For those who haven’t read it, the plot follows Iago: a Venetian ensign who serves the noble Moor, Othello. The latter is head of the Venetian state and married to Desdemona: a virtuous beauty who has married him against her father’s will. Iago, having been passed over for promotion in favour of Cassio (a Florentine aristocrat) decides to revenge himself on his rival and on Othello, whom he also hates. He does this by pretending that Desdemona and Cassio are having an affair, and he poisons Othello’s mind until he is so enraged by jealousy that he strangles his innocent wife.
There has been reams written on Iago and his motivations which I don’t intend to focus on too much here, except to say that Shakespeare gives him phrases of extraordinary emptiness - lines that sound impressive, but, under close inspection, reveal themselves to be meaningless. There is a dramatic problem with this - Iago takes up most of the play but the poetic speeches are all reserved for Othello: the noble character. I found it uncomfortable spending time in Iago’s head (he has eight soliloquies compared to Othello’s three) - and, oddly, I haven’t felt this repulsion while watching the play, only reading it.

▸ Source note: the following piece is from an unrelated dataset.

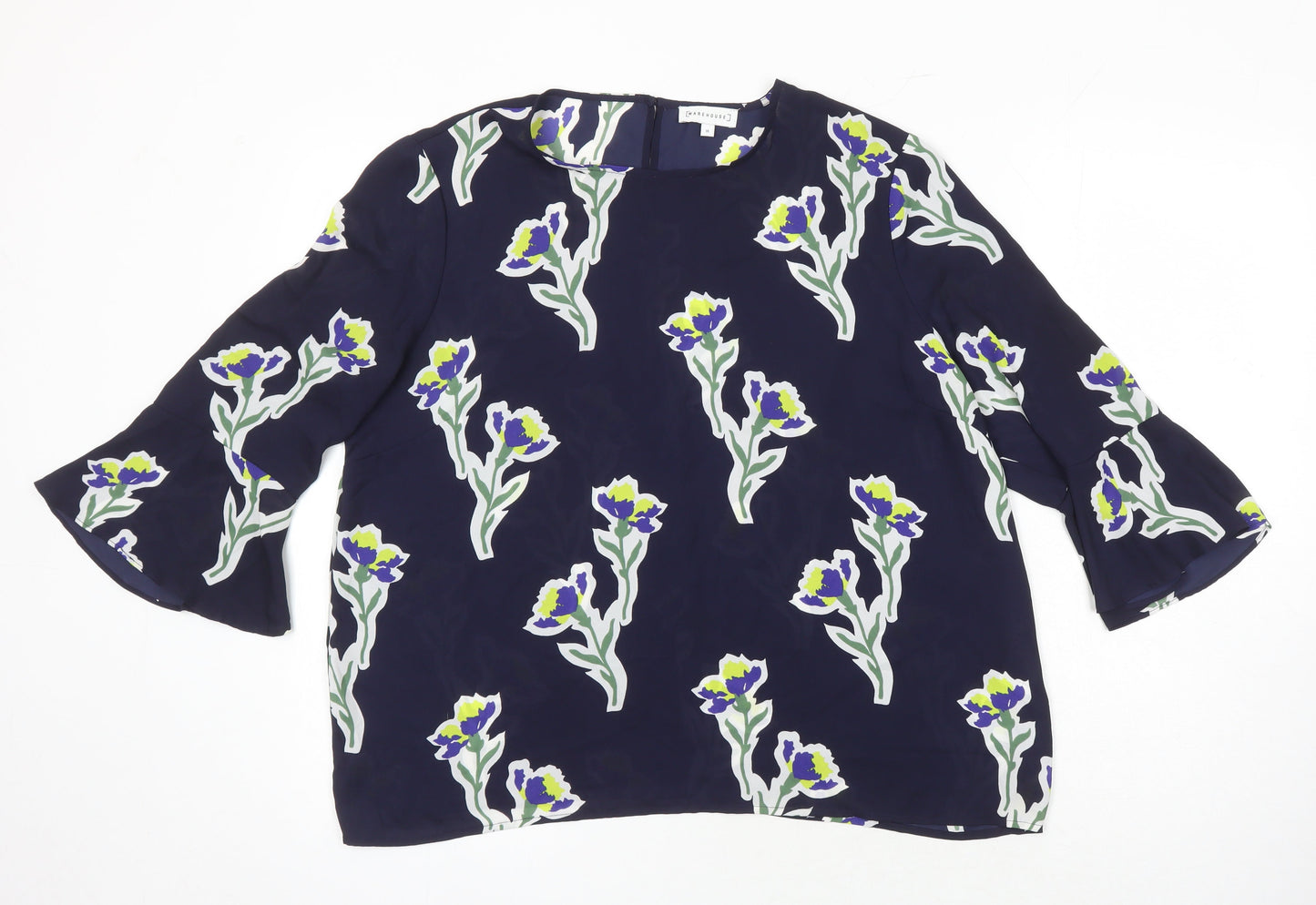 Warehouse Womens Multicoloured Floral Polyester Tunic Blouse Size 16 Roll Neck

There are touches of hope, though, and I wanted to concentrate on one of them: storytelling. If we think back to the start of the play, it’s Othello’s amazing stories of his adventures which first attract Desdemona to him:
It was my hint to speak, such was the process:
And of the Cannibals, that each other eat;
The Anthropophagi, and men whose heads
Do grow beneath their shoulders; this to hear
Would Desdemona seriously incline;
Storytellers are seducers. Let’s look at how Othello explains the importance of his first gift to Desdemona - the handkerchief spotted with strawberries, which she thinks she has lost and he thinks she has given to her lover:
… that handkerchief
Did an Egyptian to my mother give,
She was a charmer, and could almost read
The thoughts of people; she told her, while she kept it
‘Twould make her amiable, and subdue my father
Entirely to her love: but if she lost it,
Or made a gift of it, my father’s eye
Should hold her loathly, and his spirits should hunt
After new fancies …
Now, at this point in the play, he is enraged over this missing handkerchief, and his tale about its symbolic importance is a trifle overdone. This is precisely, of course, what Iago would do: there’s a fine line between spinning a tale and lying, and Iago is a master of “seeming” - making the outward appearance of things tell a different story to their inner truth. At the play’s climax, Shakespeare pulls the carpet from this particular piece of “ocular evidence” and shows us how much Othello has been influenced by Iago’s fictions. Explaining his actions to Emilia, who has discovered the dead body of Desdemona, Othello says:
It was a handkerchief; an antique token
My father gave my mother.
So the stuff about the Egyptian was not true - just a piece of manipulation to make his wife feel even more terrible (isn’t this what jealousy does to us - tries to make us wound the other person?) What’s heart-breaking about Desdemona is that she’s incapable of duplicity. When Othello is about to smother her, she simply pleads:
Kill me tomorrow, let me live to-night.
This line reminded me of that other tale of marital disharmony and storytelling: the Arabian Nights. In it, the ruler Shahryar, on discovering that his first wife was unfaithful to him, resolved to marry a new virgin every day and to have her beheaded the next morning before she could dishonour him. Eventually he runs out of willing candidates and Scheherazade - a woman extraordinarily witty and wise - reluctantly agrees to marry him. On their wedding night, Scheherazade begins a tale but does not end it. The king, curious to know the conclusion, postpones her execution - and the next night, though she finishes the first tale, she begins another one, and so on for a thousand and one nights.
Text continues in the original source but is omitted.